Network between to different docker hosts

Hi, I have two different servers each one running some containers and I want to know what’s the best approach to make the containers communicate from one host to the other. Is this a scenario where I can deploy consul connect?

Thanks,
Bruno

Consul connect will certainly help with ensuring the traffic is encrypted between services, from a micro-segmentation approach you also have the ability to control which service is allowed to talk to another service.

Running Consul in this environment would need a consul server and an agent deployed to each virtual machine. The Consul server could reside on one of the Virtual Machines where your workload is.

One thing to note about this approach is that there is no redundancy, if the Consul server fails, all of your service mesh will eventually fail. I say eventually as data is cached on the agent and will tolerate temporary outages.

When you register a container on a virtual machine you register it with the local consul agent, the IP address and port the service in the container runs on is registered in Consul.

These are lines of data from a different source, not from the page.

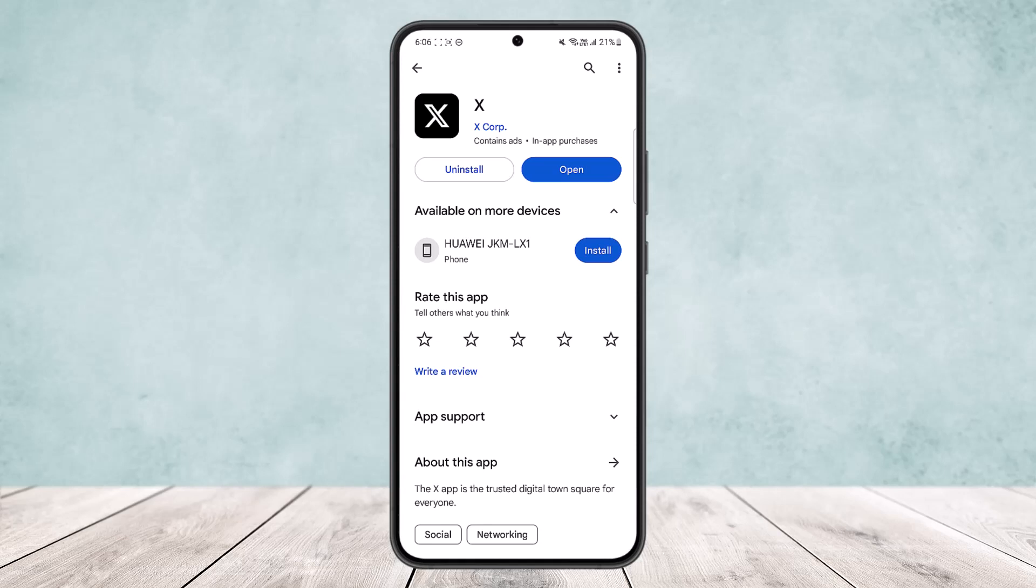The limit is 400 follows for unverified users and 1000 if you are verified. So if you are unverified and if you have already followed 400 users for the day, you might want to wait 24 hours. There is no other way around.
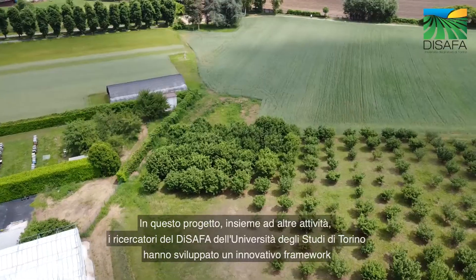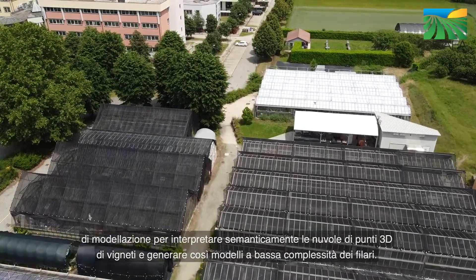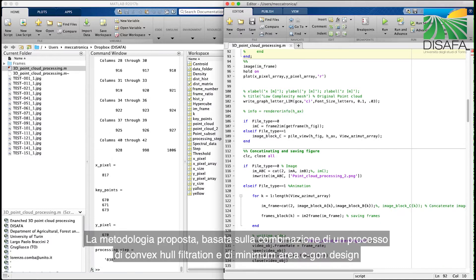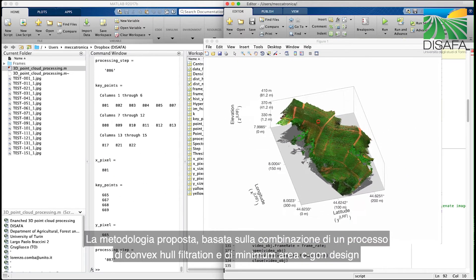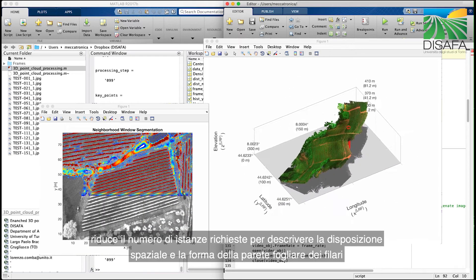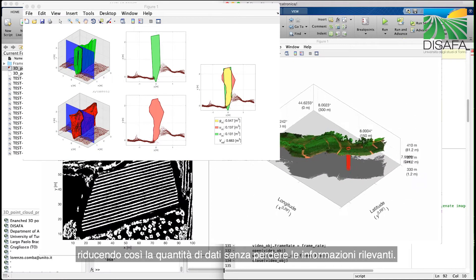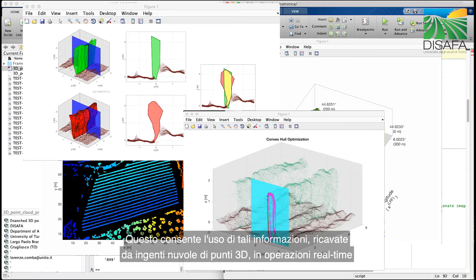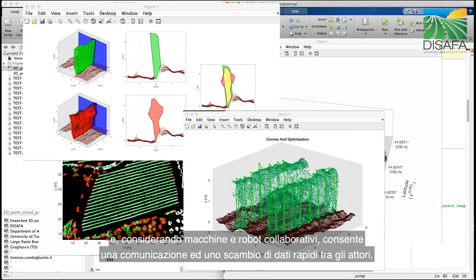In this project, among other activities, researchers from DISAFA developed an innovative modeling framework to semantically interpret 3D point clouds of vineyards and to generate low-complexity 3D mesh models of vine rows. The proposed methodology, based on a combination of convex hull filtration and minimal area polygon design, reduces the number of instances required to describe the spatial layout and shape of vine canopies, allowing the amount of data to be reduced without losing relevant crop shape information. This enables the exploitation of 3D point cloud information in real-time operations and, considering cooperating machines and robotics, enables fast communication and data exchange.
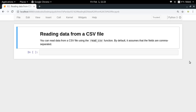Hey guys, welcome to the second video of my series on introduction to pandas. In the first video we got a basic introduction to pandas and we also installed it, and now it's time we start doing some practical things with it. The first thing we're going to learn to do with pandas is how to read data from a CSV file.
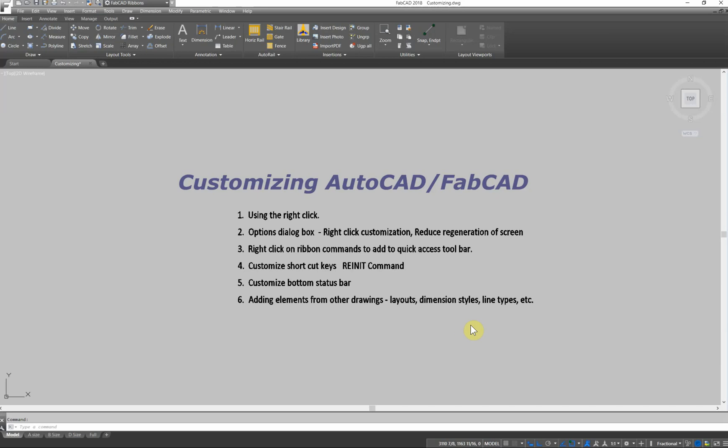Hi, this is Dave Phillippe with FabCAD, and this is the first of a series of lessons on how to help you greatly reduce the number of picks and clicks that you execute when you're trying to create drawings on the screen. One way that you can really speed things up is to customize FabCAD to the way that you do your drawings. So that's what we're going to look at today.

The registration of all these services forms the service catalog which is used by the service mesh.

Something to think about when using Docker containers is that Docker containers by default will run in their own virtual network. A container in a docker network on one machine will not be accessible from a docker container in another machine unless you are doing one of three things.

  1. Docker host network
  2. Docker network plugin
  3. Exposed ports to host via port mapping

In your setup to keep things simple you could do the following:

  1. Consul server on one node
  2. Consul client on every node
  3. Host networking for containers
  4. Firewall rules only allowing ingress connections between the two machines for containers

You then have to slightly modify the way your applications run in the container by using a sidecar for the Service Mesh data plane. Ingress is only allowed to the data plane the service itself is not directly accessible.

This is by no means a comprehensive overview of what needs to be done to secure the system and implement a service mesh.

If you do not need a service mesh from the perspective of service routing, security, and observability there may be a simpler option to achieve what you are after. Have you looked at Docker Network plugins?

Check out Weave, Weave is an overlay network which allows you to link n+1 docker hosts into a single virtual network.

https://hub.docker.com/plugins/weave-net-plugin

One more thing to check out is Nomad

You might find using Nomad a nice upgrade on scheduling containers with pure docker.

Thanks Nicholas for the answer with all the detail :slight_smile:

If I go for the approach of having consul I will create a cluster outside this scenario, having only the agents on this scenario communicate with consul server cluster.

Gonna check weave also. Once again, thanks for the answer.